The required answer is the run of lines from the one holding "ALUGUEL – Apartamento" to the end of the data below, copied exactly and free of pictures.
------------------------
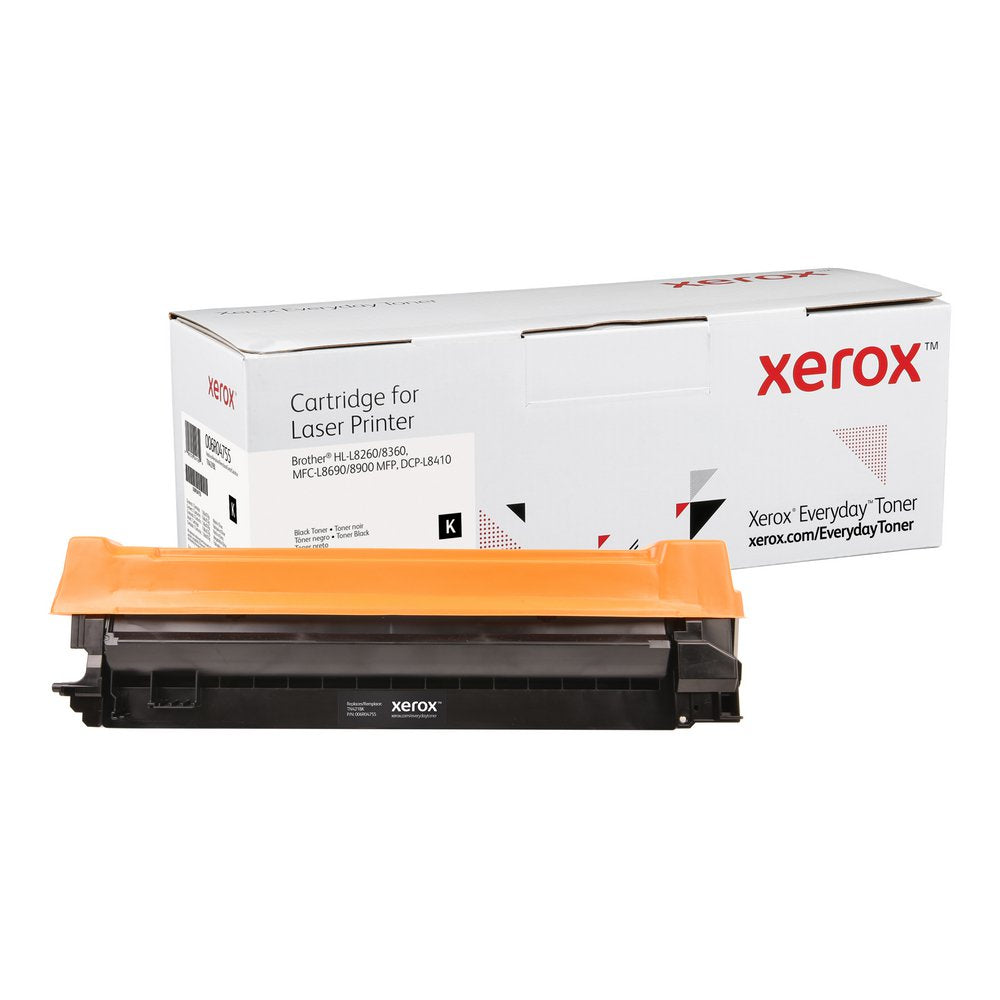 Xerox Everyday Toner For Brother TN421BK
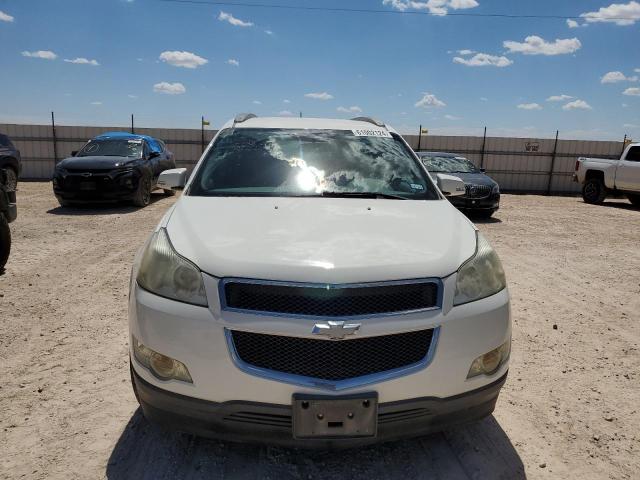 Photo 4 VIN: 1GNKRGED7CJ156805 - CHEVROLET TRAVERSE 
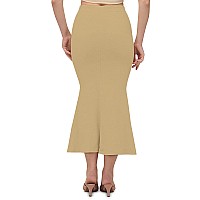 SMOWKLY Valentino Lycra Shape Wear for Women 1419BGXL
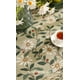 thumbnail image 5 of Mantel ISAENNE 140x140 cm Mezcla de Lino Floral, 5 of 9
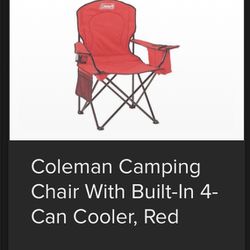 CAMPING CHAIRS $25 Each 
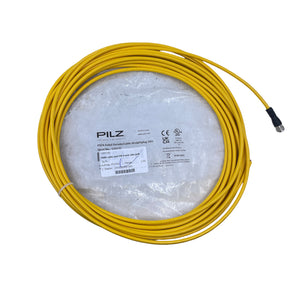 Pilz PSEN cable axial M8 4-pole 10m Ident. No. 533131 Anschlusskabel Industrie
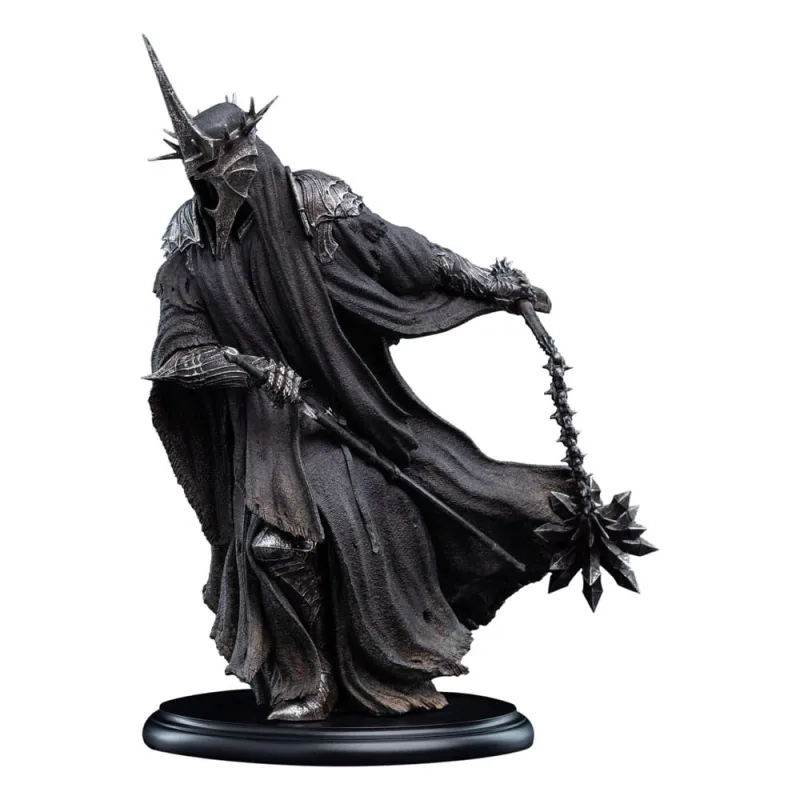 Weta Workshop Lord of the Rings The Witch king 19 cm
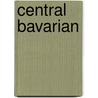 Central Bavarian door Ronald Cohn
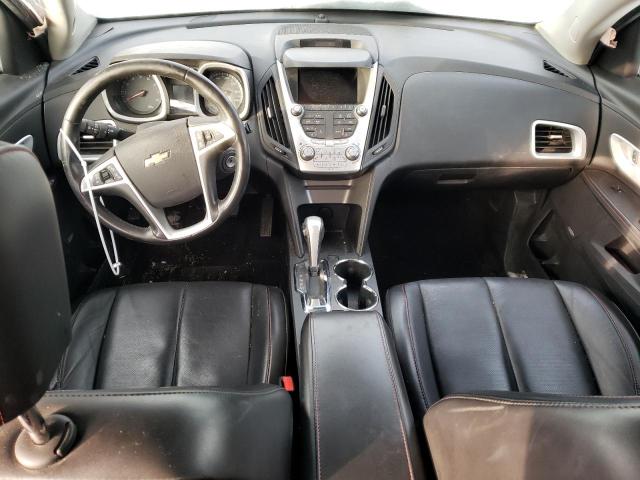 Photo 8 from auction – 2013 CHEVROLET EQUINOX LT with VIN 2GNFLGEK6D6367090
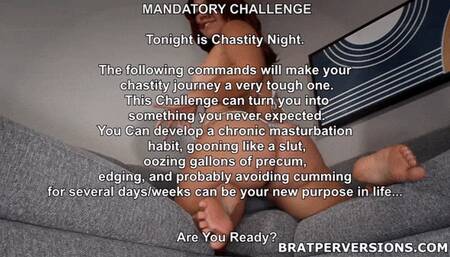 Brat Roulette Fap Games: Anal Trainer (iPhone)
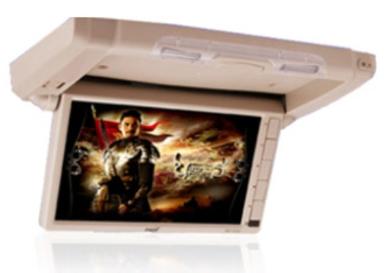 ZULEX RM-90 HD 9"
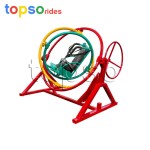 Trailer Mounted Rides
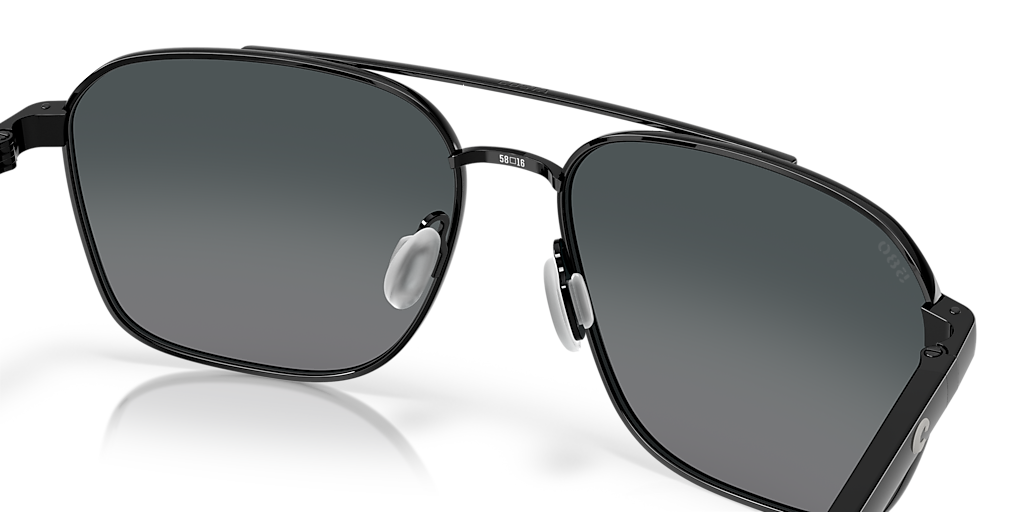 Costa 6S4003 Wader XL (58 - 16) with Grey lenses and Black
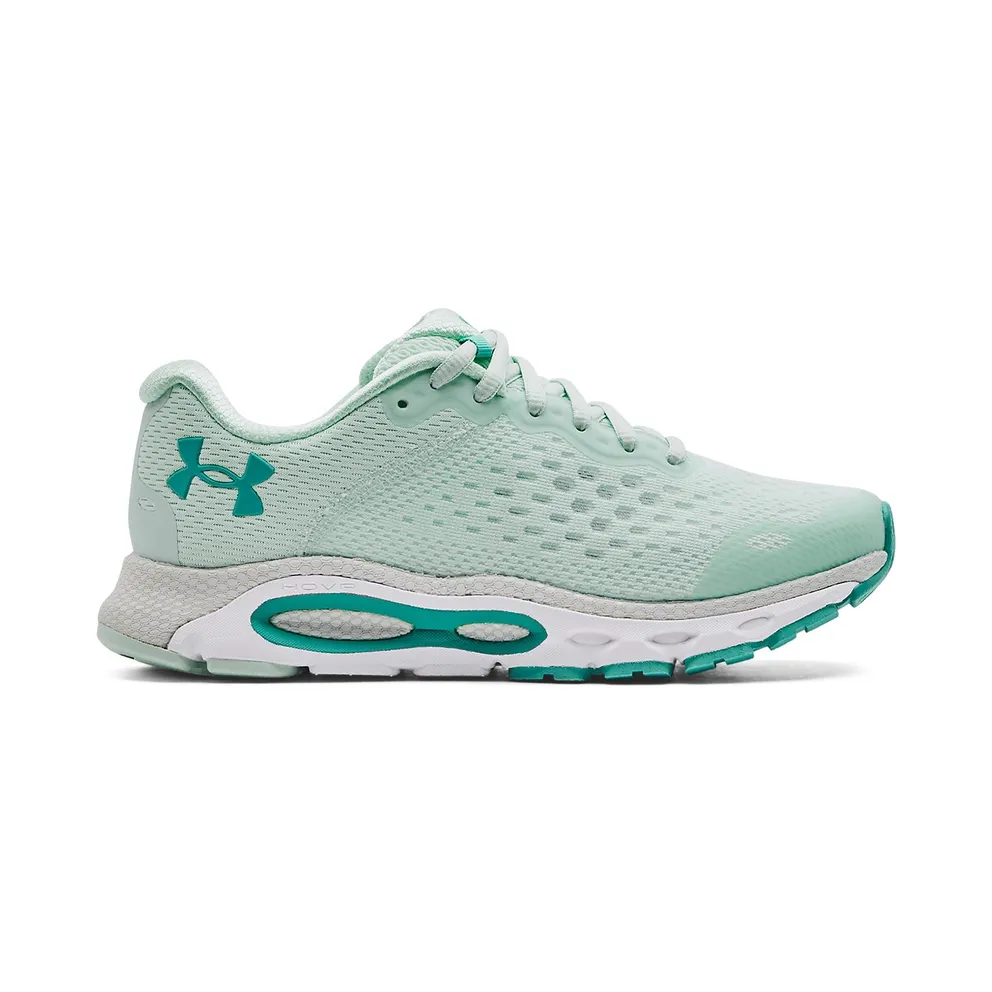 Under Armour HOVR™ Infinite 3 Green (3023556-302)
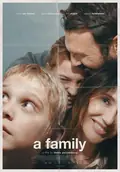 A Family poster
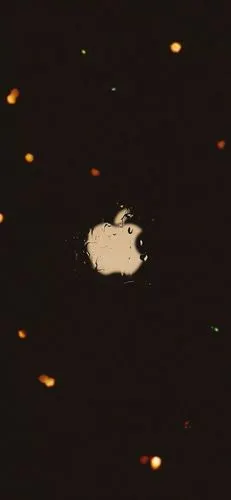 全面屏高清壁纸个性黑色锁屏壁纸精选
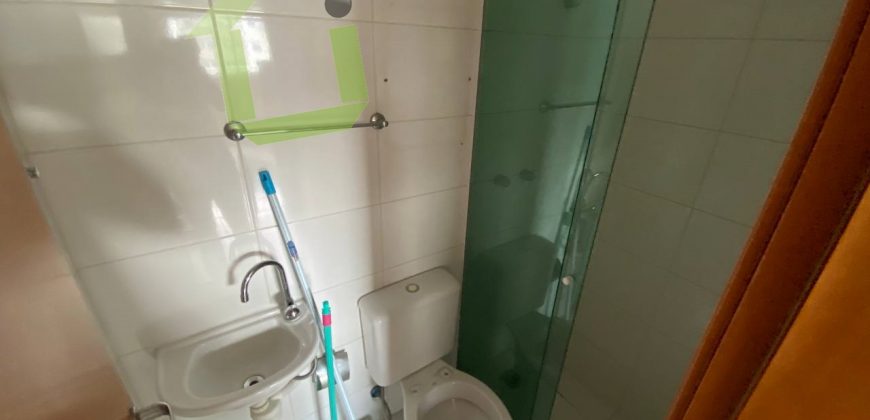 ALUGUEL – Apartamento 3 Quartos no Prime Residences – Nova Iguaçu
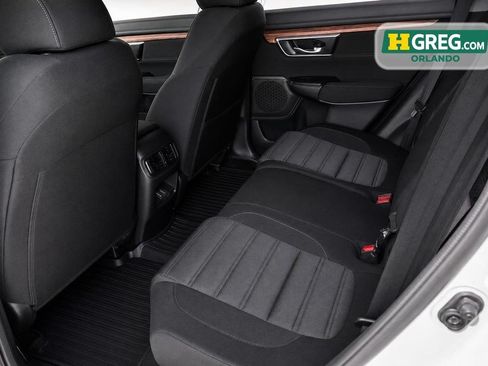 Used 2019 Honda CR-V EX image 16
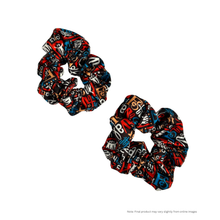 Load image into Gallery viewer, JTF 2026 Scrunchie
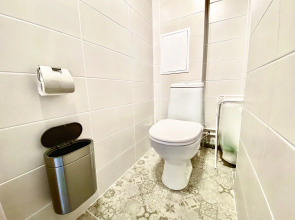 Апартаменты Petersburg Parks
------------------------
• **The answer**
 ALUGUEL – Apartamento 3 Quartos no Prime Residences – Nova Iguaçu
 Used 2019 Honda CR-V EX image 16
 Load image into Gallery viewer, JTF 2026 Scrunchie
 Апартаменты Petersburg Parks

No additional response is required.